[Sermon notes / 설교노트 ]
Same Direction, But a Closed Door — Philia
같은 방향, 그러나 닫힌 문 — 우정
Acts 15:36-39 / 2 Timothy 4:11 / 사도행전 15:36-39 / 디모데후서 4:11
1.Biblical scripture / 성경본문
(Acts 15:36-39, NIV11)
“「36」 Some time later Paul said to Barnabas, “Let us go back and visit the believers in all the towns where we preached the word of the Lord and see how they are doing.”
「37」 Barnabas wanted to take John, also called Mark, with them,
「38」 but Paul did not think it wise to take him, because he had deserted them in Pamphylia and had not continued with them in the work.
「39」 They had such a sharp disagreement that they parted company. Barnabas took Mark and sailed for Cyprus,”
(2Tm 4:11, NIV11)
“Only Luke is with me.

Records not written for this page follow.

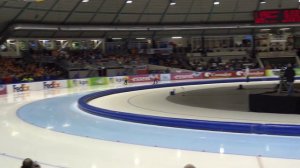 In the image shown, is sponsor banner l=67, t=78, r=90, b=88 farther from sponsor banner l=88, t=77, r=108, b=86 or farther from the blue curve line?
the blue curve line

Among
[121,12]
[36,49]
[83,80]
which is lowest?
[83,80]

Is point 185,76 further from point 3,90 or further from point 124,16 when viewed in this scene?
point 3,90

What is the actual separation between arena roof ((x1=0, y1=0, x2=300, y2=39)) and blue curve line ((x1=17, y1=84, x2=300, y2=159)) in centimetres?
1728

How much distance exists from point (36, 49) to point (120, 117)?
27401mm

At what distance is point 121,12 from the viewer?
3469 centimetres

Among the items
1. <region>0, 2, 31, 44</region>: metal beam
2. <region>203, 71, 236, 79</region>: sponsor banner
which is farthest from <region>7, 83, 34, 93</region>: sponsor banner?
<region>203, 71, 236, 79</region>: sponsor banner

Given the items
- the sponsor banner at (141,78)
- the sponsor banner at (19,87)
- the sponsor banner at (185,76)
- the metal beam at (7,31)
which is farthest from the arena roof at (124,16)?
the sponsor banner at (185,76)

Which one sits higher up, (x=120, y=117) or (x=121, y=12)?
(x=121, y=12)

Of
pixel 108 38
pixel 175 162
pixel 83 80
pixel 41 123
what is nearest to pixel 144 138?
pixel 175 162

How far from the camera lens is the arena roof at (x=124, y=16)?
30.0 m

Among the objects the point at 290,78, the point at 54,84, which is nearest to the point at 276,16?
the point at 54,84

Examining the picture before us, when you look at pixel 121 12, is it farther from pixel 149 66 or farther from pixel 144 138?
pixel 144 138

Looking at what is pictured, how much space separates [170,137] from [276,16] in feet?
81.2

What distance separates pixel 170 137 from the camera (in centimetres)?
930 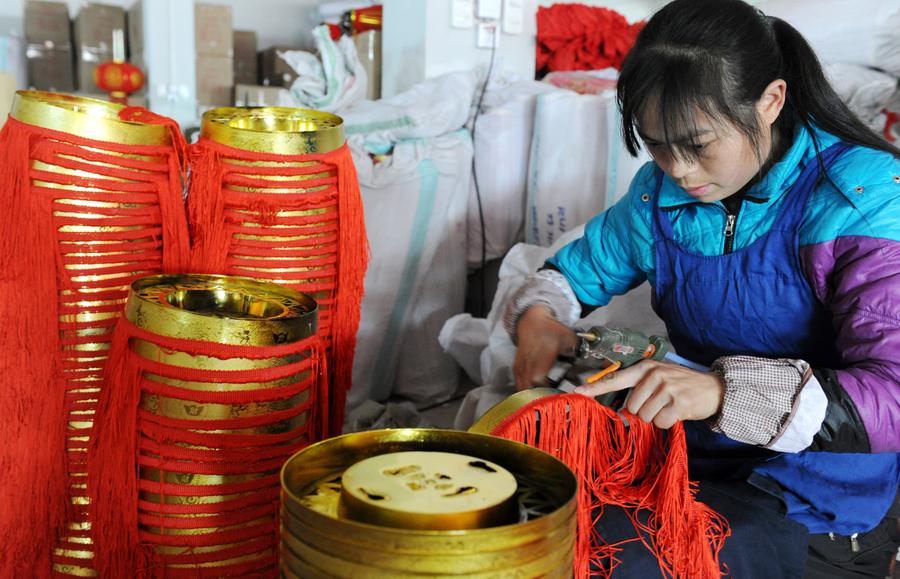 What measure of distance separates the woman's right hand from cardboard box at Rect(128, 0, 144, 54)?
2663 millimetres

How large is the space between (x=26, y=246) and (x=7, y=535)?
0.33m

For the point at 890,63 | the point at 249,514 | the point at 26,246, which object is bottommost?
the point at 249,514

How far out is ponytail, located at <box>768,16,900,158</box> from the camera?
1075mm

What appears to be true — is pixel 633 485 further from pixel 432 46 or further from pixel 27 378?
pixel 432 46

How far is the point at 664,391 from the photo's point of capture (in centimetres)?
87

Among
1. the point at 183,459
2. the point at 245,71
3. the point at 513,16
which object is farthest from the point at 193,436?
the point at 245,71

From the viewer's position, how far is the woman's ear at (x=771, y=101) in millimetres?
1045

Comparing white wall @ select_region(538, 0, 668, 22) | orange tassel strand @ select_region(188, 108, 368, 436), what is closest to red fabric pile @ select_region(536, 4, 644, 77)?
white wall @ select_region(538, 0, 668, 22)

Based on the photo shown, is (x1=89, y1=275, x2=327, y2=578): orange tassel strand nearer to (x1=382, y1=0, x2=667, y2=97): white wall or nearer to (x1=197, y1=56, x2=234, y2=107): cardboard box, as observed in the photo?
(x1=382, y1=0, x2=667, y2=97): white wall

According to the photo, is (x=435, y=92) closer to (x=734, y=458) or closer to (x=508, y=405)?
(x=734, y=458)

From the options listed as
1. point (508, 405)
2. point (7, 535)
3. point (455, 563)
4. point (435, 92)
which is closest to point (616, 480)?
point (508, 405)

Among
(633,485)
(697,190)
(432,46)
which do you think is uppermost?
(432,46)

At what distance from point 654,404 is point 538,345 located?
0.30 metres

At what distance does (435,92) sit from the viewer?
246cm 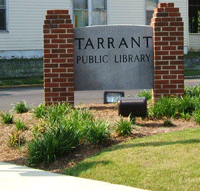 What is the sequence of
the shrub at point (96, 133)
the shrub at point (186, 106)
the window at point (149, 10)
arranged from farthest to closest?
the window at point (149, 10) → the shrub at point (186, 106) → the shrub at point (96, 133)

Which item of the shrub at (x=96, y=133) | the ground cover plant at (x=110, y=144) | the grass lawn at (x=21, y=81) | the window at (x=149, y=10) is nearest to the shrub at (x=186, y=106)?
the ground cover plant at (x=110, y=144)

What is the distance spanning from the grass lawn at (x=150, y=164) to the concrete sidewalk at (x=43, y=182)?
19cm

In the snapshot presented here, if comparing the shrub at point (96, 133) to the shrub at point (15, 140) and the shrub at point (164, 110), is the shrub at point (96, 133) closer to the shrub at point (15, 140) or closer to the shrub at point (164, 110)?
the shrub at point (15, 140)

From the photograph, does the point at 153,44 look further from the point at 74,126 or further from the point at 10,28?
the point at 10,28

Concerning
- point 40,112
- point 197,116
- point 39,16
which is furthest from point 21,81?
point 197,116

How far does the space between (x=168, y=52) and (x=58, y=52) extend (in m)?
2.32

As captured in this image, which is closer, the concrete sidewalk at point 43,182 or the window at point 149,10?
the concrete sidewalk at point 43,182

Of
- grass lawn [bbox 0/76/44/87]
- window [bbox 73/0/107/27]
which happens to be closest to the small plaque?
grass lawn [bbox 0/76/44/87]

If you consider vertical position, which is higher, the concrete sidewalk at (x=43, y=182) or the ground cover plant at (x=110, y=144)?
the ground cover plant at (x=110, y=144)

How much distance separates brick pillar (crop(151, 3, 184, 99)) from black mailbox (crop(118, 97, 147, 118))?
5.61 feet

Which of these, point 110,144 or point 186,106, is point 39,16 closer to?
point 186,106

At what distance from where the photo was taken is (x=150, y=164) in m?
5.92

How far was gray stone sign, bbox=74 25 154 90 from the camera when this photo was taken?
33.6 ft

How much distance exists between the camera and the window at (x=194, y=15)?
108ft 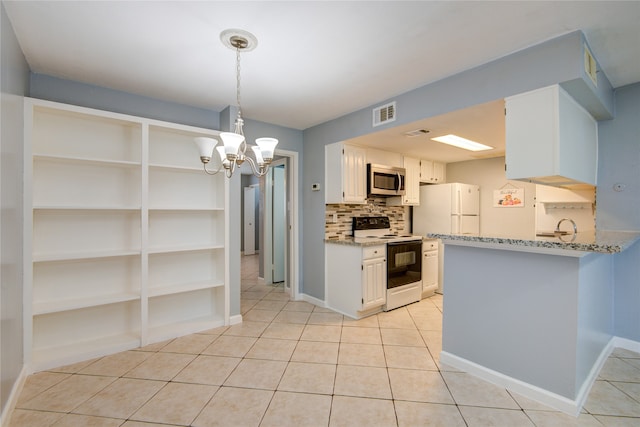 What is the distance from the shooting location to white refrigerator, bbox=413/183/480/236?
443cm

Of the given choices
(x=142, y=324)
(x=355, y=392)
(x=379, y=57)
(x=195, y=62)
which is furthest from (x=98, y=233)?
(x=379, y=57)

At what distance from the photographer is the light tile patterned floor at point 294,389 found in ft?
5.75

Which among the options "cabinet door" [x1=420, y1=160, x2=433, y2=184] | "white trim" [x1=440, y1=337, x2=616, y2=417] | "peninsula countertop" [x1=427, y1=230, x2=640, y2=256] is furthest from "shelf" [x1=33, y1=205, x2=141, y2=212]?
"cabinet door" [x1=420, y1=160, x2=433, y2=184]

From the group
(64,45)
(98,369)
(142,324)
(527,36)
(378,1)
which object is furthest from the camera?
(142,324)

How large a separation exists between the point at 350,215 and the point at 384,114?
5.02 ft

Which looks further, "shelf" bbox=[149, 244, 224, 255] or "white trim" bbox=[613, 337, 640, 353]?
"shelf" bbox=[149, 244, 224, 255]

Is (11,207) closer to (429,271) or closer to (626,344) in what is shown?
(429,271)

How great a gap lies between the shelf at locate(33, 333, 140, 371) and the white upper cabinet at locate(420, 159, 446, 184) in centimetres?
433

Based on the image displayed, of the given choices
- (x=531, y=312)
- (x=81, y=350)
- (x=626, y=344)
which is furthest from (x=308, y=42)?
(x=626, y=344)

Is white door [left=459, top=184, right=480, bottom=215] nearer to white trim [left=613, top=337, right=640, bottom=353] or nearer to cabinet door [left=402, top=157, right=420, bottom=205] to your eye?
cabinet door [left=402, top=157, right=420, bottom=205]

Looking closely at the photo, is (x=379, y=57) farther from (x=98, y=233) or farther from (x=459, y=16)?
(x=98, y=233)

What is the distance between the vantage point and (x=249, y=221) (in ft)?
27.7

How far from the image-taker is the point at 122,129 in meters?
2.88

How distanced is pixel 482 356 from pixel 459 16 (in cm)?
235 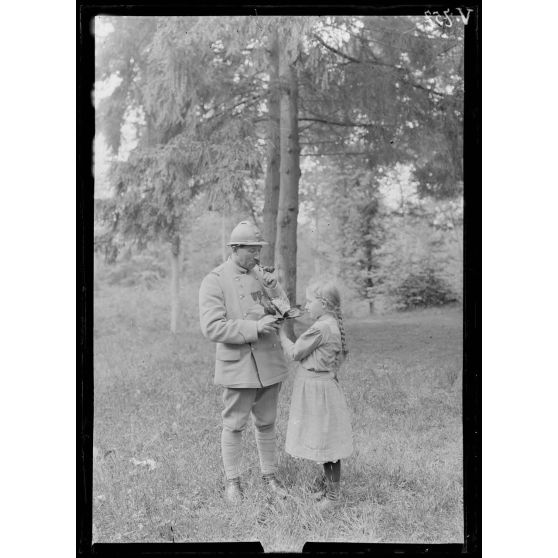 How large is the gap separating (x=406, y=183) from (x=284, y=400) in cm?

Get Mark and bring him with you, because he is helpful to me in my ministry.”
(행 15:36-39, 새번역)“「36」 며칠 뒤에, 바울이 바나바에게 말하였다. "우리가 주님의 말씀을 전파한 여러 도시로 신도들을 다시 찾아가서, 그들이 어떻게 지내고 있는지를 살펴 봅시다."
「37」 그런데 바나바는 마가라는 요한도 데리고 가려고 하였다.
「38」 그러나 바울은, 밤빌리아에서 자기들을 버리고 함께 일하러 가지 않은 그 사람을 데리고 가는 것을 좋게 여기지 않았다.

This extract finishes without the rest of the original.